What you should do:
The answer must be an exact transcription of the lines below from the first through the one containing "A maple leaf in autumn colours on ice.", with the pictures left out; please add nothing else.

(Image-text web data)
※ ※ ※

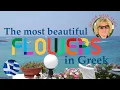 Download Lagu The most beautiful flowers in Greek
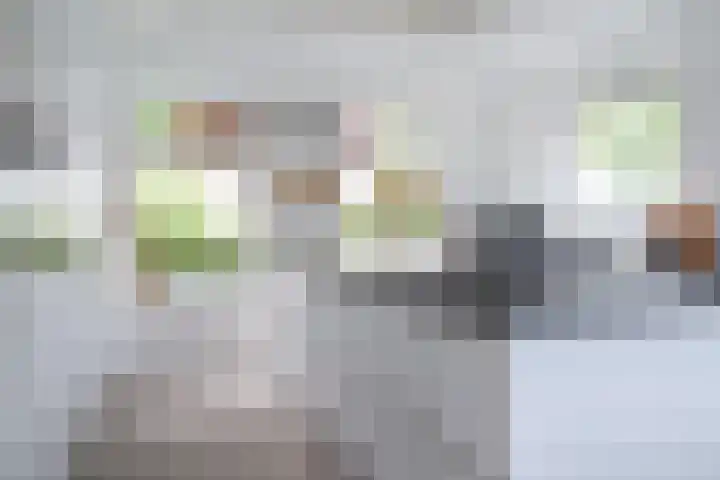 Rhoderterp 15 Dokkum thumbnail 17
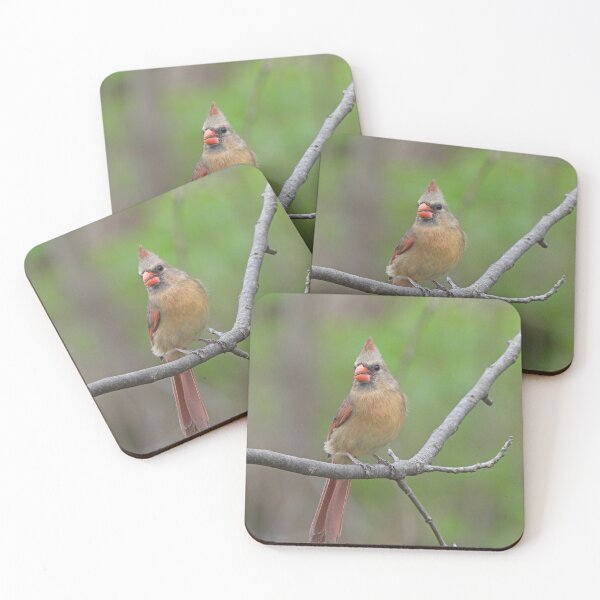 Item preview, Female Cardinal on Branch designed and sold by TheSplitWindow.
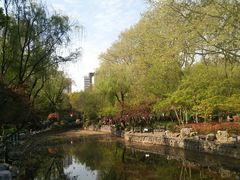 -莹珠阁·私房菜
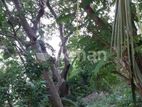 210 Perch Tourism Land for Sale In Dodampahala, Dikwella CGGG-A2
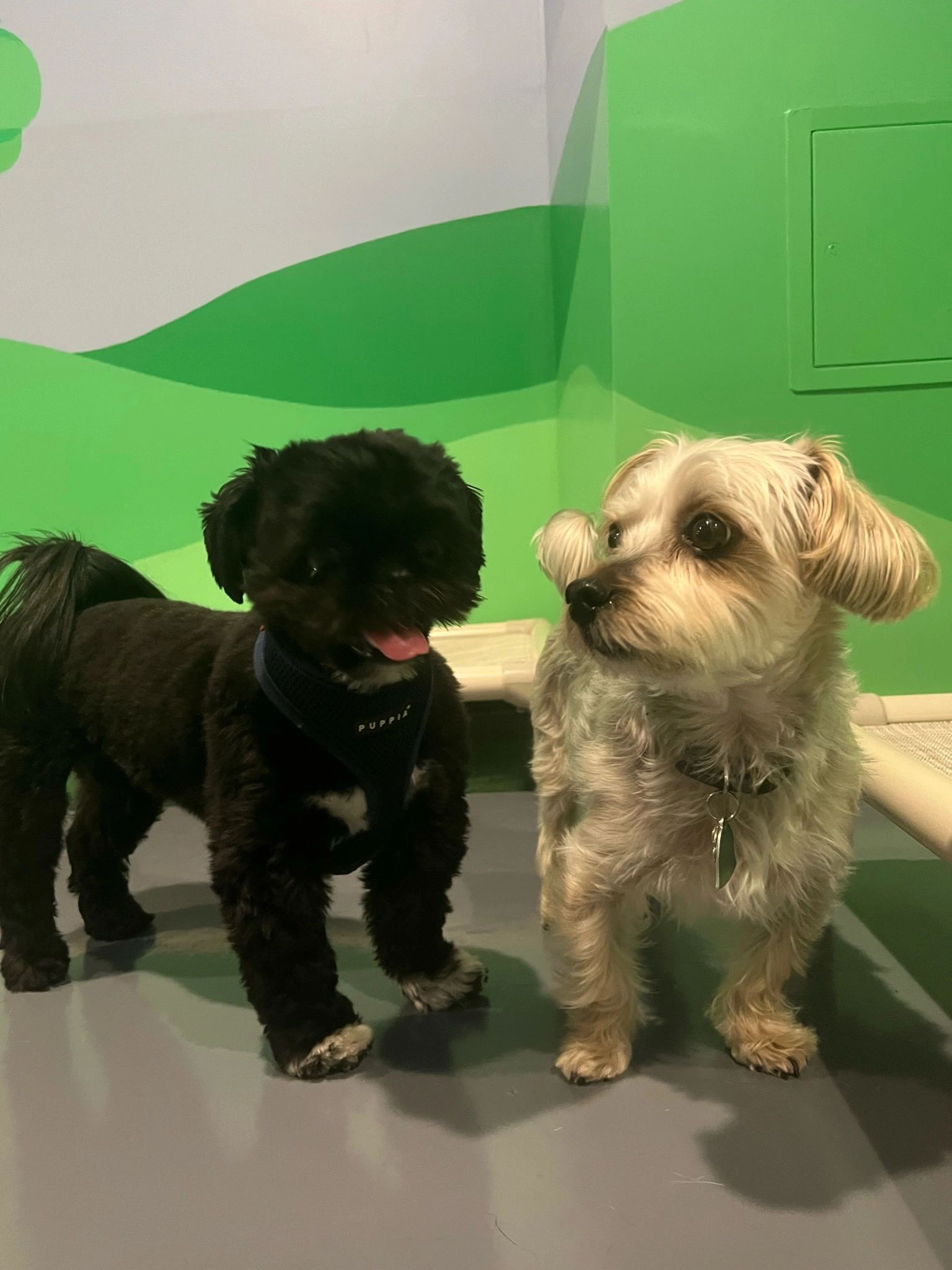 Create a Profile on Gingr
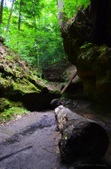 Enlarge photo 43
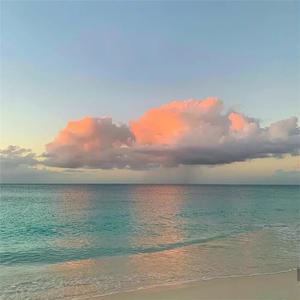 美女直播扒开大腿给你看BB
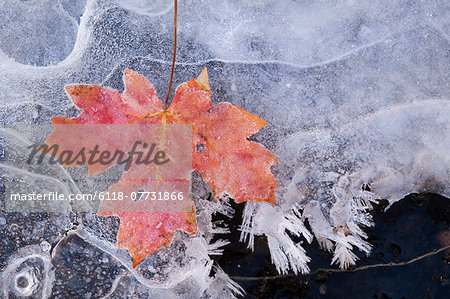 A maple leaf in autumn colours on ice.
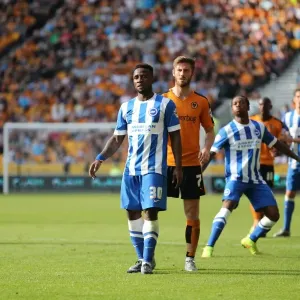 Sky Bet Championship Showdown: Wolverhampton Wanderers vs. Brighton and Hove Albion at Molineux Stadium (17/09/2015) Sky Bet Championship Showdown: Wolverhampton Wanderers vs. Brighton and Hove Albion at Molineux Stadium (17/09/2015)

※ ※ ※

The completed task:
 Download Lagu The most beautiful flowers in Greek
 Rhoderterp 15 Dokkum thumbnail 17
 Item preview, Female Cardinal on Branch designed and sold by TheSplitWindow.
 -莹珠阁·私房菜
 210 Perch Tourism Land for Sale In Dodampahala, Dikwella CGGG-A2
 Create a Profile on Gingr
 Enlarge photo 43
 美女直播扒开大腿给你看BB
 A maple leaf in autumn colours on ice.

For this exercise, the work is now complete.